Now it is time to apply what you have learned to tweets. But let's first create `training_tweets` and `test_tweets` by combining positive and negative tweets.



In [None]:
training_tweets = positive_tweets_tr + negative_tweets_tr
test_tweets = positive_tweets_te + negative_tweets_te

While we are creating our dataset, we can also create our labels. We know that first half of `training_tweets` and `test_tweets` are positive (label = 1) and second half is negative (label = 0). Therefore creating the labels is as easy as:

In [None]:
y_train = np.append(np.ones(len(positive_tweets_tr)),
                    np.zeros(len(negative_tweets_tr)))

y_test = np.append(np.ones(len(positive_tweets_te)),
                   np.zeros(len(negative_tweets_te)))

print(y_train.shape)
print(y_test.shape)

Remember that we already preprocessed and tokenized our tweets:

In [None]:
training_tweets[0]

But Keras `Tokenizer()` expects a list of strings. So let's combine tokens into strings:

In [None]:
training_tweets_str = []
for tw in training_tweets:
    training_tweets_str.append(' '.join(tw))
    
test_tweets_str = []
for tw in test_tweets:
    test_tweets_str.append(' '.join(tw))

In [None]:
training_tweets_str[0]

**Task 2.1**

Use tokenizer on `training_tweets_str`. Notice that tokenizer processes text with the `filters` parameter.
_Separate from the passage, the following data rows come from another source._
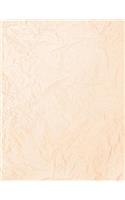 Apricot Large Sketchbook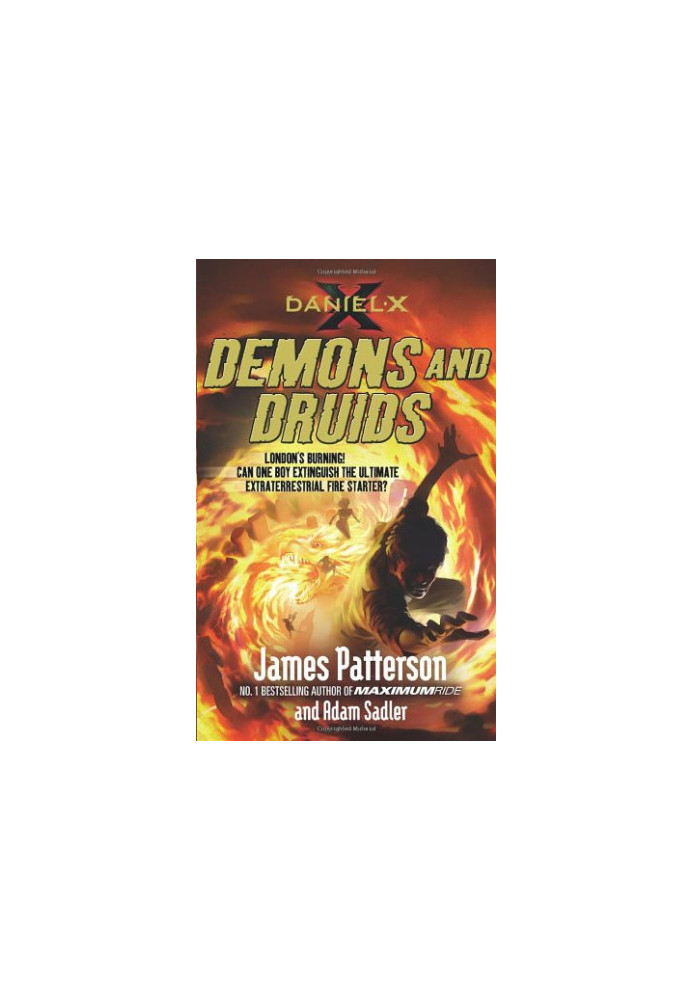 Patterson, James - Demons and Druids
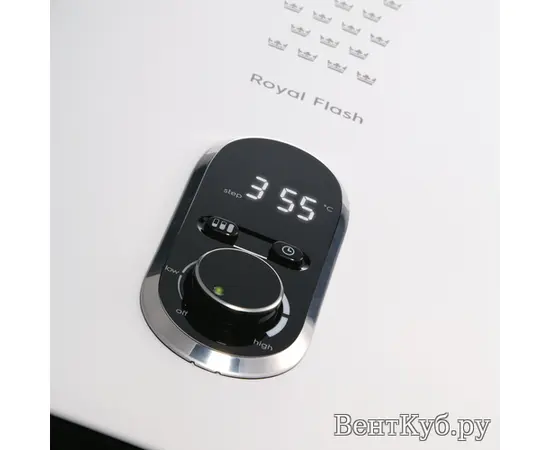 Electrolux EWH 80 Royal Flash, Объем, л: 80, - 5
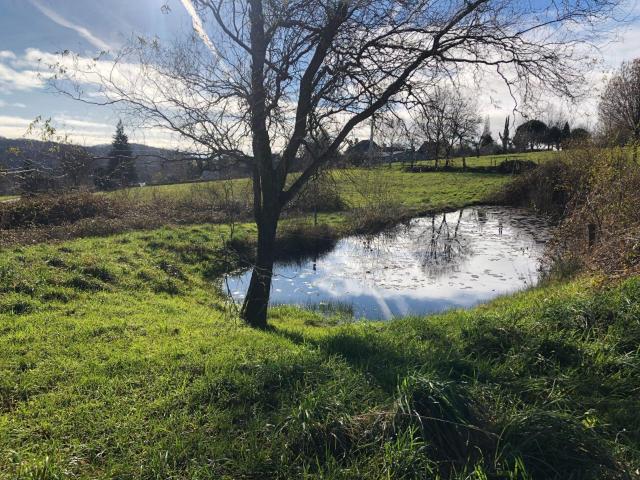 Terrain vente à Brive-la-Gaillarde, Aubazines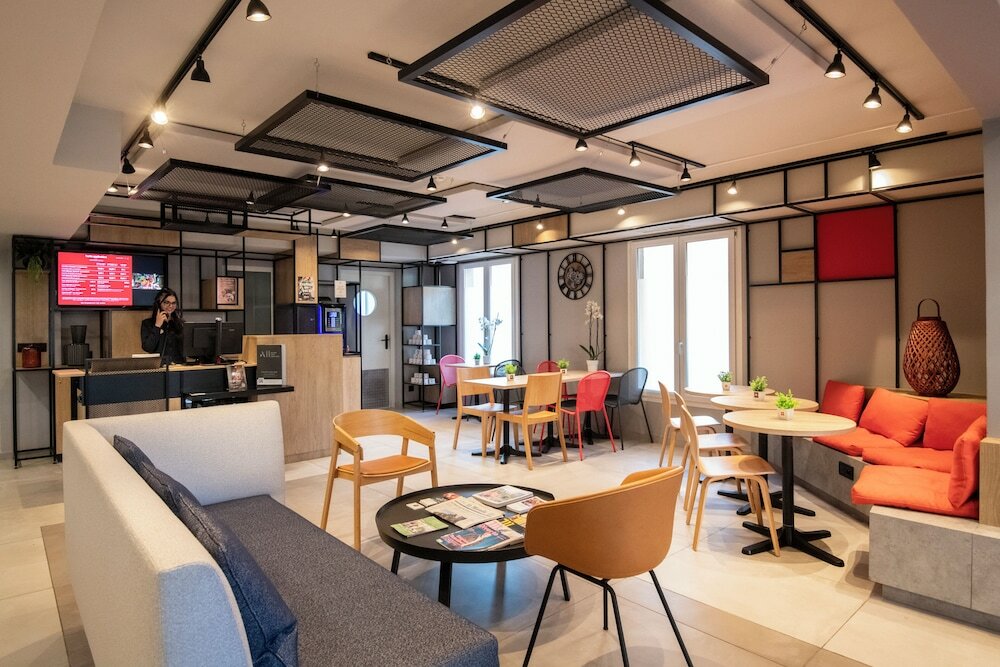 Фото Ibis Roquebrune Cap Martin Menton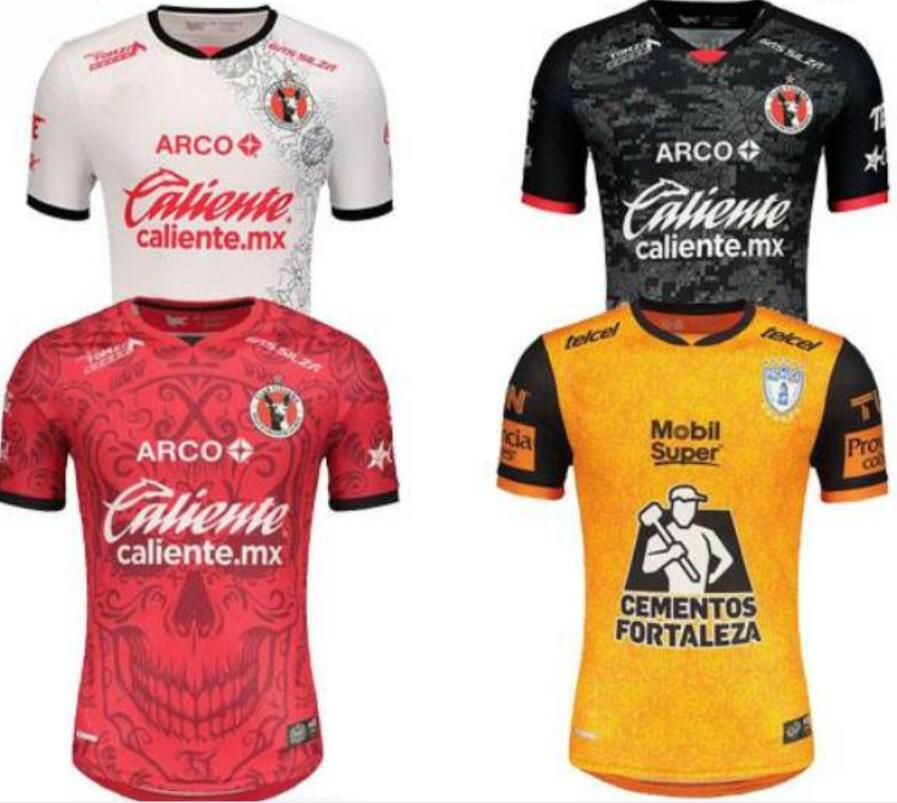 camisa xolos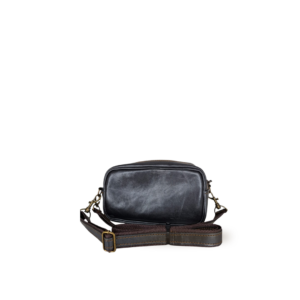 Elegance Crossbody Bag (Silver)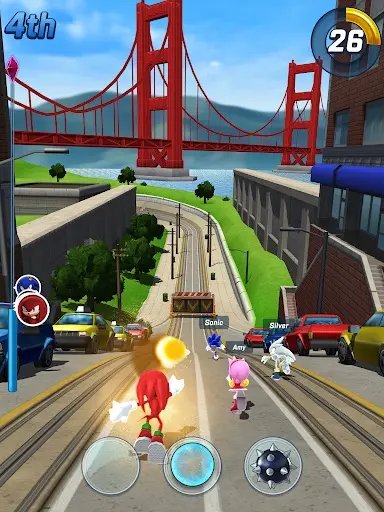 Sonic Forces - Running Game_10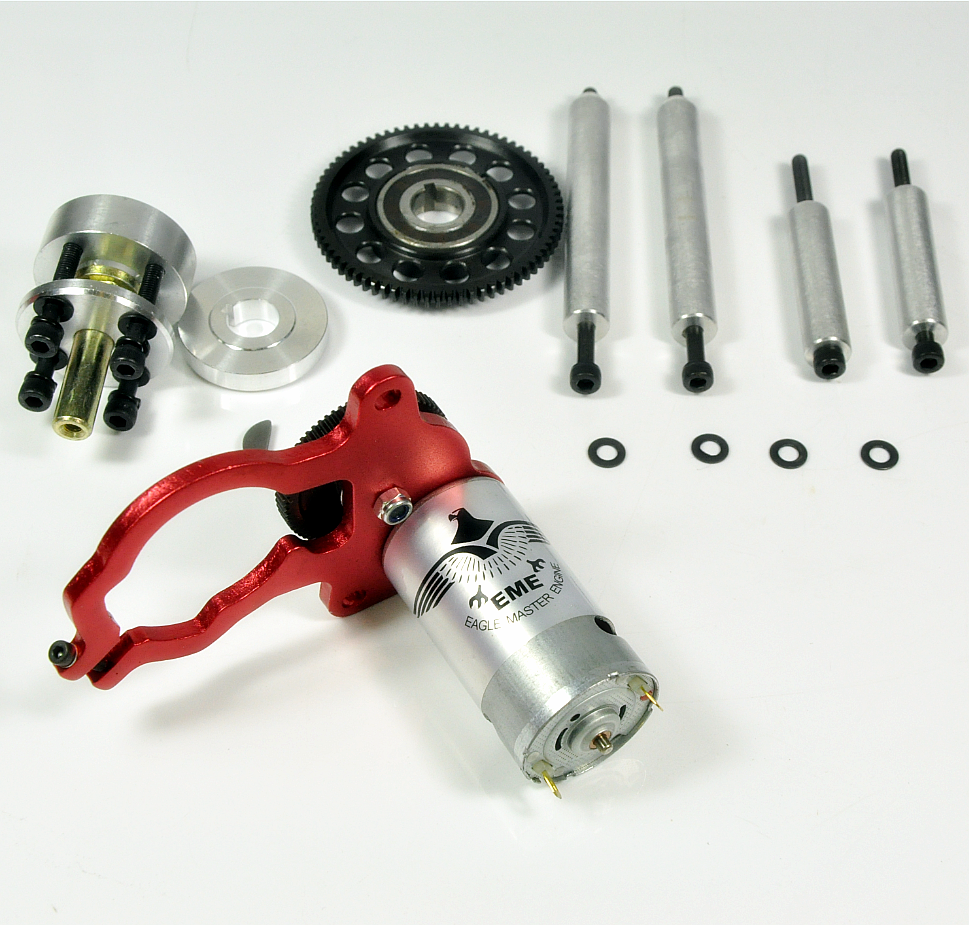 EME Auto Starter for DLE55/DA50/DA60/EME55-II/EME60 Gasoline Engine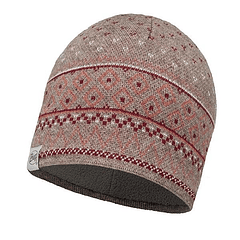 Knitted & Polar Hat Edna Fossil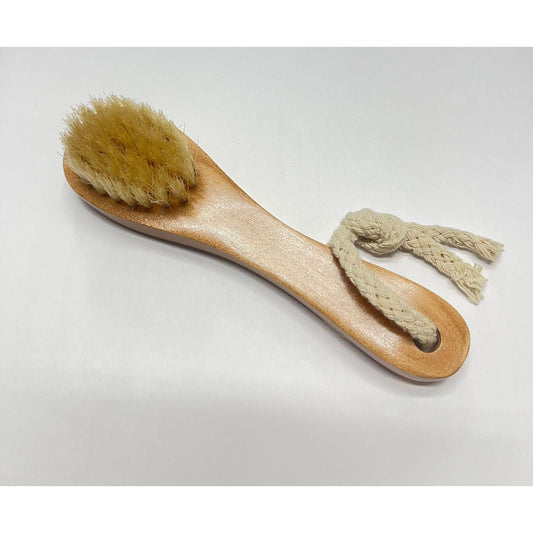 Pasteur Pharmacy Touch Me Face Brush from The Sponge Company for gentle complexion cleansing and personal skincare.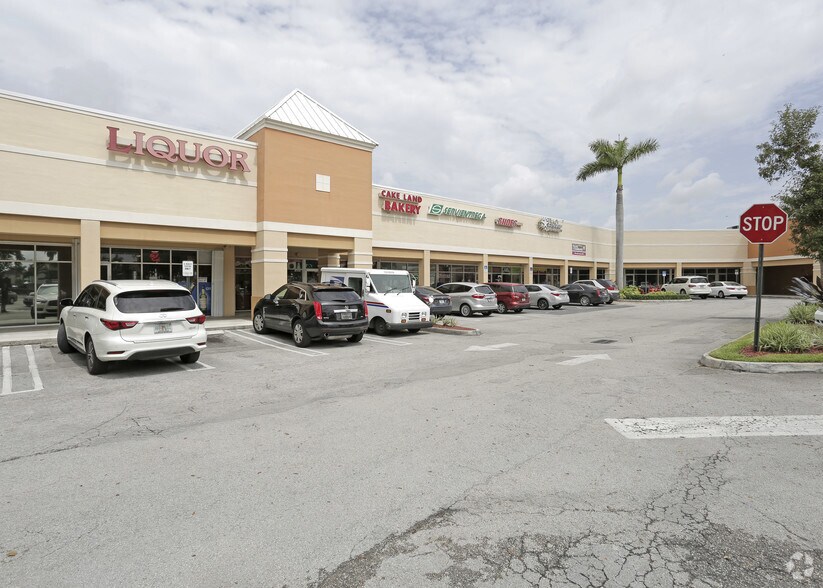 16205 N Kendall Dr, Miami, FL à louer - Photo du bâtiment - Image 3 de 8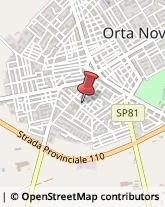 Imprese Edili Orta Nova,71045Foggia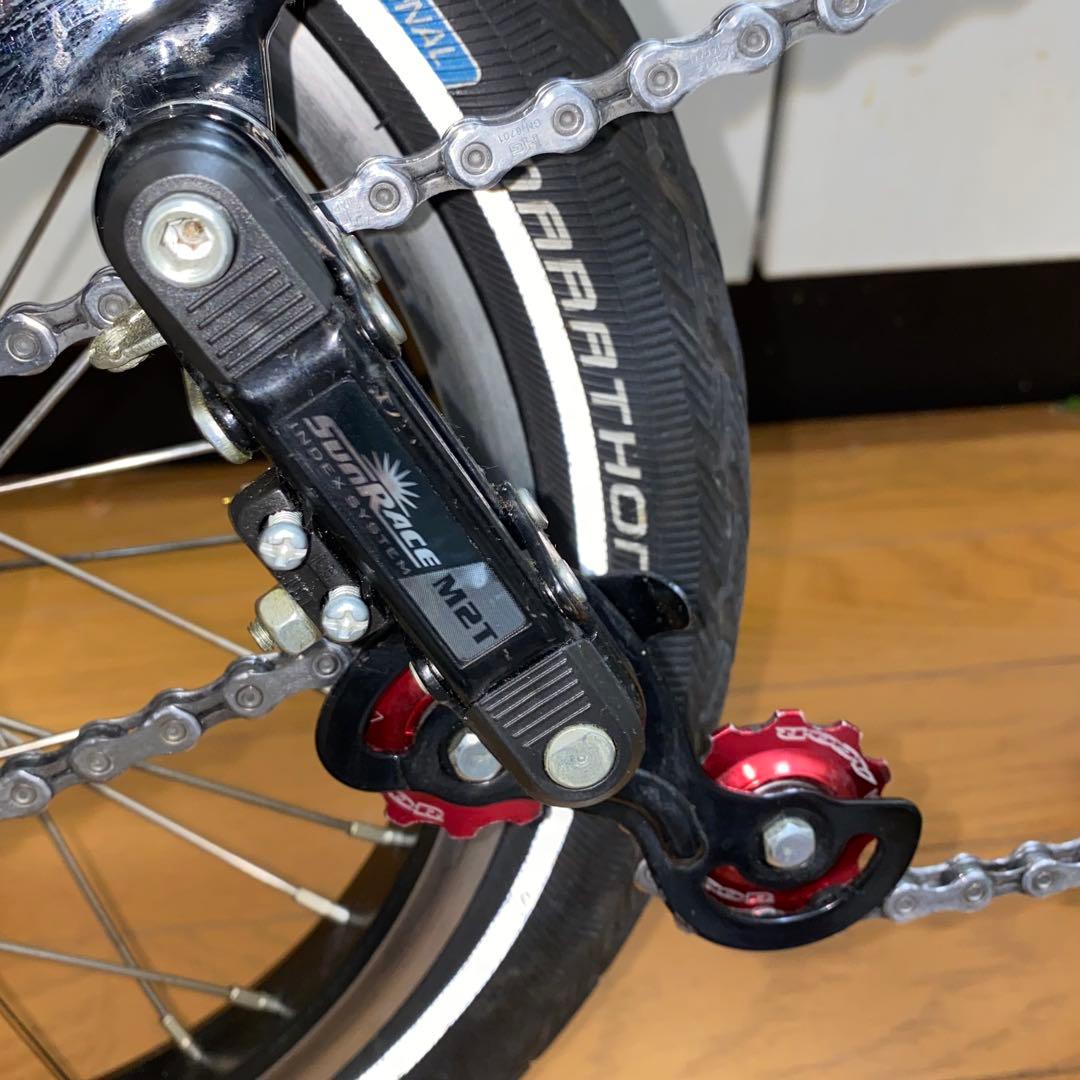 【Ｒ&Ｍ/Frog】 二代目／シマノ内装８速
Set it to `filters=''` to prevent processing because we already processed our tweets.

In [None]:
# YOUR CODE HERE #

**Task 2.2**

Calculate the size of the vocabulary.

In [None]:
vocab_size = # YOUR CODE HERE #
print(vocab_size)

**Task 2.3**

Find the numbers that represent the words `'boy'`, `'girl'`, `'man'` and `'woman'`.

In [None]:
boy_index = # YOUR CODE HERE #
girl_index = # YOUR CODE HERE #
man_index = # YOUR CODE HERE #
woman_index = # YOUR CODE HERE #

print(f"The index of 'boy' is {boy_index}")
print(f"The index of 'girl' is {girl_index}")
print(f"The index of 'man' is {man_index}")
print(f"The index of 'woman' is {woman_index}")

**Task 2.4**

Convert training and test tweets to sequences and use padding.

Example tweet:

`'followfriday top engag member commun week :)'`

Corresponding sequence:

`[347, 221, 937, 400, 286, 52, 3]`

Padded sequence:

`array([347, 221, 937, 400, 286,  52,   3,   0,   0,   0,   0,   0,   0,
         0,   0,   0,   0,   0,   0,   0,   0,   0,   0,   0,   0,   0,
         0,   0,   0,   0], dtype=int32)`


For padding arguments use `padding='post'` and `maxlen=30`.

In [None]:
training_sequences = # YOUR CODE HERE #
training_padded = # YOUR CODE HERE #

test_sequences = # YOUR CODE HERE #
test_padded = # YOUR CODE HERE #

In [None]:
assert training_padded.shape == (8000, 30)
assert test_padded.shape == (2000, 30)

## 3. Build a neural network with an embedding layer

You just converted tweets to numbers, now we are ready to train a neural network on this dataset. Let's first define `X_train`, `y_train`, `X_test`, `y_test`. We already created the labels and padded sequences will be our `X_train` and `X_test`.

In [None]:
X_train = training_padded
X_test = test_padded

In [None]:
X_train.shape, y_train.shape, X_test.shape, y_test.shape

**Task 3.1**

Build a `Sequential` model from Keras. First layer should be an `Embedding` layer. In the `Embedding` layer define the following parameters:

>input_dim: Integer. Size of the vocabulary, i.e. maximum integer index + 1.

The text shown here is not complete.